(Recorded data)

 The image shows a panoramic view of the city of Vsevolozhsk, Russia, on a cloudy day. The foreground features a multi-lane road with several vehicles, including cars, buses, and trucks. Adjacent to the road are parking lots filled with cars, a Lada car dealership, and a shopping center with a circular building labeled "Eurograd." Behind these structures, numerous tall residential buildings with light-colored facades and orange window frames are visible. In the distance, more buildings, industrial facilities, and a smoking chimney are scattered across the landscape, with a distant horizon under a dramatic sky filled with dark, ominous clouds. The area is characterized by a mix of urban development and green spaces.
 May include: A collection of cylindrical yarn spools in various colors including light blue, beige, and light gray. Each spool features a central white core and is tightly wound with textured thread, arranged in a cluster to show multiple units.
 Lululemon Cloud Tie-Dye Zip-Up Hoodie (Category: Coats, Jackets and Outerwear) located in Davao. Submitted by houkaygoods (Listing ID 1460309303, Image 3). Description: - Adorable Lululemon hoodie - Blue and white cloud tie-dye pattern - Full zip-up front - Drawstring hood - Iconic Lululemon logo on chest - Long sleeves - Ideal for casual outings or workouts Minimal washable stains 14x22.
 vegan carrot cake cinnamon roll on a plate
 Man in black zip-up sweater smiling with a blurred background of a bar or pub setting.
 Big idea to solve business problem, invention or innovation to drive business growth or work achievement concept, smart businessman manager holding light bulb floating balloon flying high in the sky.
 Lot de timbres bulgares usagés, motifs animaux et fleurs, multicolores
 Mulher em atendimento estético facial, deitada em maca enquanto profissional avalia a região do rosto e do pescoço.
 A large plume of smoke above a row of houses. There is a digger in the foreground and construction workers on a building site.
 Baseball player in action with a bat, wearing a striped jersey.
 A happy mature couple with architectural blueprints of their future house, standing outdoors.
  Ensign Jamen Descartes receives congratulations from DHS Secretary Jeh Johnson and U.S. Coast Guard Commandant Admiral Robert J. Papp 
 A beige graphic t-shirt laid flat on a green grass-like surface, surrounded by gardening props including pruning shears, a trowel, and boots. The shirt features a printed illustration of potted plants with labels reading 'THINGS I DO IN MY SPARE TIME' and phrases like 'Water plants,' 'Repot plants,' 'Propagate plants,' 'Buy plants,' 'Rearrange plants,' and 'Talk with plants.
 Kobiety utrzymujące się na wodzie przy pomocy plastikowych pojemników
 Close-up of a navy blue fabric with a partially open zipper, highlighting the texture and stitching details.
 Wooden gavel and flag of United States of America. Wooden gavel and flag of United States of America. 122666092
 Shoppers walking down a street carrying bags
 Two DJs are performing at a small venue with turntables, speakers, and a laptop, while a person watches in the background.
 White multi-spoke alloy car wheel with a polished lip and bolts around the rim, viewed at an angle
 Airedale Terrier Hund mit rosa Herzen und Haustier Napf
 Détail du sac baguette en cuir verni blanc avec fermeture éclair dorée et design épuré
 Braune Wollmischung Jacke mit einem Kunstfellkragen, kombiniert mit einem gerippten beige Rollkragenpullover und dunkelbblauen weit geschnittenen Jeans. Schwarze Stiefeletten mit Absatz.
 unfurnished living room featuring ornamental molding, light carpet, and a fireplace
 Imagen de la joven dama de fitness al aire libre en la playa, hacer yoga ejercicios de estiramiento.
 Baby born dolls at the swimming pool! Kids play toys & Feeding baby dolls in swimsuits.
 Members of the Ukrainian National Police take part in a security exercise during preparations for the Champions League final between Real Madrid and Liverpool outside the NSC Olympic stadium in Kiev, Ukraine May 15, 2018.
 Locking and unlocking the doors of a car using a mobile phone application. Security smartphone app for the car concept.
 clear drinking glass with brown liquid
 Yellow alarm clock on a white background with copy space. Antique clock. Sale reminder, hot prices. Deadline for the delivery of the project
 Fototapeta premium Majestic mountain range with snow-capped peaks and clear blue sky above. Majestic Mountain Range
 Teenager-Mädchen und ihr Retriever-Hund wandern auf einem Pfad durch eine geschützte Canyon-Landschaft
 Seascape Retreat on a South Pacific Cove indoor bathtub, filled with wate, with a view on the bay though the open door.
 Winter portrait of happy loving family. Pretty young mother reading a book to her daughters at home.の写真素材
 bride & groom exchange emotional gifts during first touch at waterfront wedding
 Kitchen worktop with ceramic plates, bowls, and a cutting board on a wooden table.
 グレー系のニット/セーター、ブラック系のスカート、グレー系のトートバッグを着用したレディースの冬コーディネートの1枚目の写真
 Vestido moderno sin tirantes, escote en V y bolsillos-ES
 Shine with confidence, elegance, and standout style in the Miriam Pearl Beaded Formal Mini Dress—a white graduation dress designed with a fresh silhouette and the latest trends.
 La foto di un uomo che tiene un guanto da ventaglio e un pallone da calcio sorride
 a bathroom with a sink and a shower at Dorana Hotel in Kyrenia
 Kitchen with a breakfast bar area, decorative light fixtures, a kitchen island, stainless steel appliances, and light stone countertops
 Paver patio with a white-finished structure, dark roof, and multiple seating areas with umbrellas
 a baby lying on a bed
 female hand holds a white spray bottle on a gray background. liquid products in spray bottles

* Instructions to follow:
Once you have read the records, output each one exactly as written.

* Reply:
 The image shows a panoramic view of the city of Vsevolozhsk, Russia, on a cloudy day. The foreground features a multi-lane road with several vehicles, including cars, buses, and trucks. Adjacent to the road are parking lots filled with cars, a Lada car dealership, and a shopping center with a circular building labeled "Eurograd." Behind these structures, numerous tall residential buildings with light-colored facades and orange window frames are visible. In the distance, more buildings, industrial facilities, and a smoking chimney are scattered across the landscape, with a distant horizon under a dramatic sky filled with dark, ominous clouds. The area is characterized by a mix of urban development and green spaces.
 May include: A collection of cylindrical yarn spools in various colors including light blue, beige, and light gray. Each spool features a central white core and is tightly wound with textured thread, arranged in a cluster to show multiple units.
 Lululemon Cloud Tie-Dye Zip-Up Hoodie (Category: Coats, Jackets and Outerwear) located in Davao. Submitted by houkaygoods (Listing ID 1460309303, Image 3). Description: - Adorable Lululemon hoodie - Blue and white cloud tie-dye pattern - Full zip-up front - Drawstring hood - Iconic Lululemon logo on chest - Long sleeves - Ideal for casual outings or workouts Minimal washable stains 14x22.
 vegan carrot cake cinnamon roll on a plate
 Man in black zip-up sweater smiling with a blurred background of a bar or pub setting.
 Big idea to solve business problem, invention or innovation to drive business growth or work achievement concept, smart businessman manager holding light bulb floating balloon flying high in the sky.
 Lot de timbres bulgares usagés, motifs animaux et fleurs, multicolores
 Mulher em atendimento estético facial, deitada em maca enquanto profissional avalia a região do rosto e do pescoço.
 A large plume of smoke above a row of houses. There is a digger in the foreground and construction workers on a building site.
 Baseball player in action with a bat, wearing a striped jersey.
 A happy mature couple with architectural blueprints of their future house, standing outdoors.
  Ensign Jamen Descartes receives congratulations from DHS Secretary Jeh Johnson and U.S. Coast Guard Commandant Admiral Robert J. Papp 
 A beige graphic t-shirt laid flat on a green grass-like surface, surrounded by gardening props including pruning shears, a trowel, and boots. The shirt features a printed illustration of potted plants with labels reading 'THINGS I DO IN MY SPARE TIME' and phrases like 'Water plants,' 'Repot plants,' 'Propagate plants,' 'Buy plants,' 'Rearrange plants,' and 'Talk with plants.
 Kobiety utrzymujące się na wodzie przy pomocy plastikowych pojemników
 Close-up of a navy blue fabric with a partially open zipper, highlighting the texture and stitching details.
 Wooden gavel and flag of United States of America. Wooden gavel and flag of United States of America. 122666092
 Shoppers walking down a street carrying bags
 Two DJs are performing at a small venue with turntables, speakers, and a laptop, while a person watches in the background.
 White multi-spoke alloy car wheel with a polished lip and bolts around the rim, viewed at an angle
 Airedale Terrier Hund mit rosa Herzen und Haustier Napf
 Détail du sac baguette en cuir verni blanc avec fermeture éclair dorée et design épuré
 Braune Wollmischung Jacke mit einem Kunstfellkragen, kombiniert mit einem gerippten beige Rollkragenpullover und dunkelbblauen weit geschnittenen Jeans. Schwarze Stiefeletten mit Absatz.
 unfurnished living room featuring ornamental molding, light carpet, and a fireplace
 Imagen de la joven dama de fitness al aire libre en la playa, hacer yoga ejercicios de estiramiento.
 Baby born dolls at the swimming pool! Kids play toys & Feeding baby dolls in swimsuits.
 Members of the Ukrainian National Police take part in a security exercise during preparations for the Champions League final between Real Madrid and Liverpool outside the NSC Olympic stadium in Kiev, Ukraine May 15, 2018.
 Locking and unlocking the doors of a car using a mobile phone application. Security smartphone app for the car concept.
 clear drinking glass with brown liquid
 Yellow alarm clock on a white background with copy space. Antique clock. Sale reminder, hot prices. Deadline for the delivery of the project
 Fototapeta premium Majestic mountain range with snow-capped peaks and clear blue sky above. Majestic Mountain Range
 Teenager-Mädchen und ihr Retriever-Hund wandern auf einem Pfad durch eine geschützte Canyon-Landschaft
 Seascape Retreat on a South Pacific Cove indoor bathtub, filled with wate, with a view on the bay though the open door.
 Winter portrait of happy loving family. Pretty young mother reading a book to her daughters at home.の写真素材
 bride & groom exchange emotional gifts during first touch at waterfront wedding
 Kitchen worktop with ceramic plates, bowls, and a cutting board on a wooden table.
 グレー系のニット/セーター、ブラック系のスカート、グレー系のトートバッグを着用したレディースの冬コーディネートの1枚目の写真
 Vestido moderno sin tirantes, escote en V y bolsillos-ES
 Shine with confidence, elegance, and standout style in the Miriam Pearl Beaded Formal Mini Dress—a white graduation dress designed with a fresh silhouette and the latest trends.
 La foto di un uomo che tiene un guanto da ventaglio e un pallone da calcio sorride
 a bathroom with a sink and a shower at Dorana Hotel in Kyrenia
 Kitchen with a breakfast bar area, decorative light fixtures, a kitchen island, stainless steel appliances, and light stone countertops
 Paver patio with a white-finished structure, dark roof, and multiple seating areas with umbrellas
 a baby lying on a bed
 female hand holds a white spray bottle on a gray background. liquid products in spray bottles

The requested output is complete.